Establish MMIP coordinators: The Department of Justice is investing an initial $1.5 million to hire 11 MMIP coordinators in 11 states to serve with all U.S. Attorney’s offices in those states, and others who request assistance. The states are Alaska, Arizona, Montana, Oklahoma, Michigan, Utah, Nevada, Minnesota, Oregon, New Mexico, and Washington state. MMIP coordinators will work closely with federal, tribal, state and local agencies to develop common protocols and procedure for responding to reports of missing or murdered indigenous people. The first MMIP coordinator is already on board in Montana.
Specialized FBI Rapid Deployment Teams: The strategy will bring needed tools and resources to law enforcement. Upon request by a tribal, state, or local law enforcement agency the FBI will provide expert assistance based upon the circumstances of a missing indigenous persons case. FBI resources and personnel which may be activated to assist with cases include: Child Abduction Rapid Deployment (CARD) teams, Cellular Analysis Support Teams, Evidence Response Teams, Cyber Agents for timely analysis of digital evidence/social media, Victim Services Division Response Teams, and others.
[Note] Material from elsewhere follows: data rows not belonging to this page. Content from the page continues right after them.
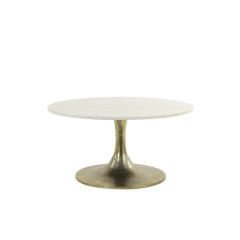 CAFE TABLE RCK WHITE MARBLE BRONZE LEG 80 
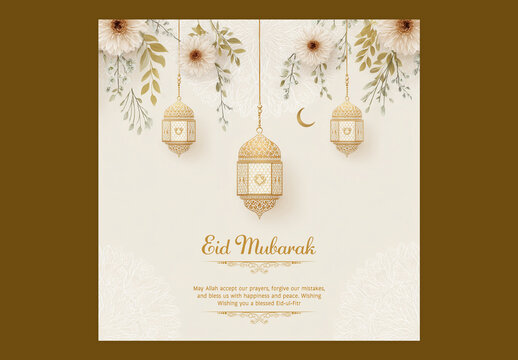 Editable Eid Mubarak Social Media Greeting Post with Golden Crescent Moon, Hanging Arabic Lamps and Flowers Decorative on Beige Background.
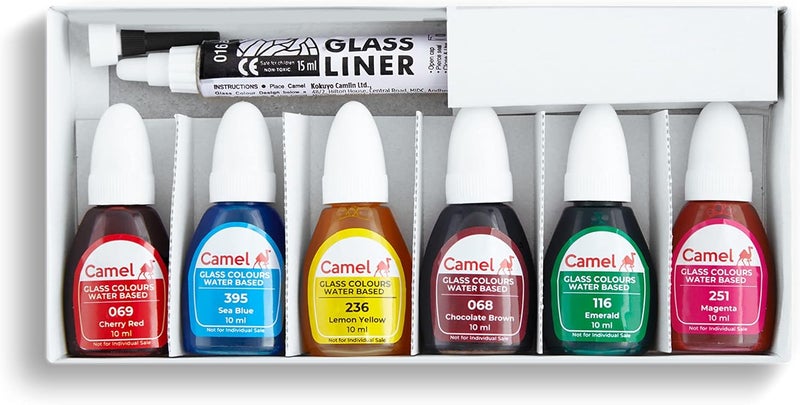 Camlin Glass Colours(Water Based) 6Assorted 10ml+Glass Liner 15ml-3006629 - Image 2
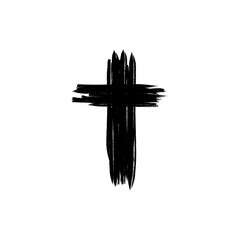 Handdrawn black cross on transparent background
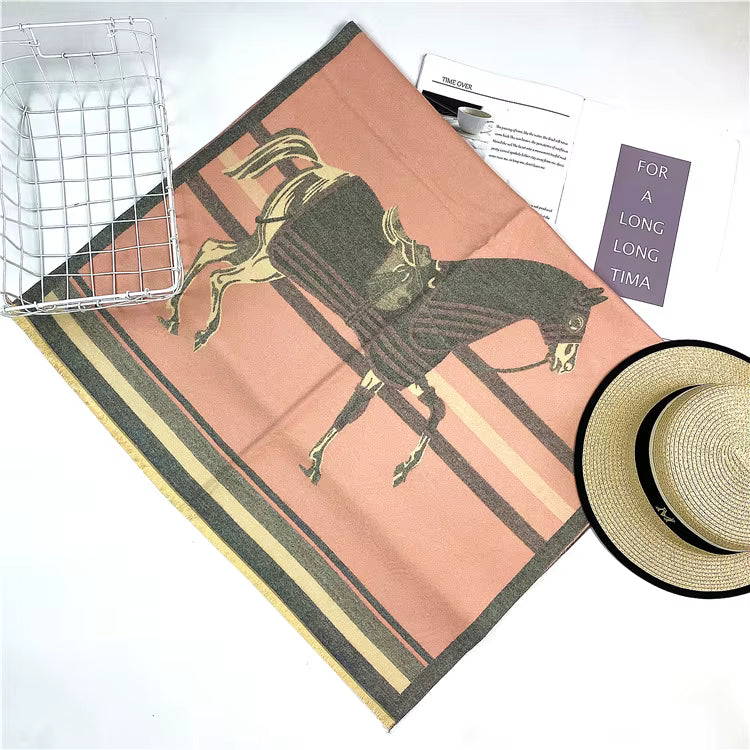 LYNETTE Horse Design Cashmere Blend Pashmina/Shawl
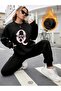 طقم بدلة رياضية نسائية كبيرة الحجم مطبوعة من Queen Baskılı Alt Top Crew Neck Boyfirend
MMIP coordinators will assist in developing protocols.
Comprehensive Data Analysis: The department will perform in-depth analysis of federally supported databases and analyze data collection practices to identify opportunities to improve missing persons data and share the results of this analysis with our partners in this effort.
More broadly, the MMIP Initiative will involve a coordinated effort by more than 50 U.S. Attorneys on the Attorney General’s Native American Issues Subcommittee (NAIS), the FBI, and the Office of Tribal Justice, with support from the Office of Justice Programs (OJP) and the Office on Violence Against Women (OVW).
Today’s announcement follows the August NAIS meeting in New Mexico and OVW listening session in Michigan, where Missing and Murdered Indigenous Persons and violence against women in Indian country were prevalent topics of discussion by U.S. Attorneys, OVW officials, and tribal representatives.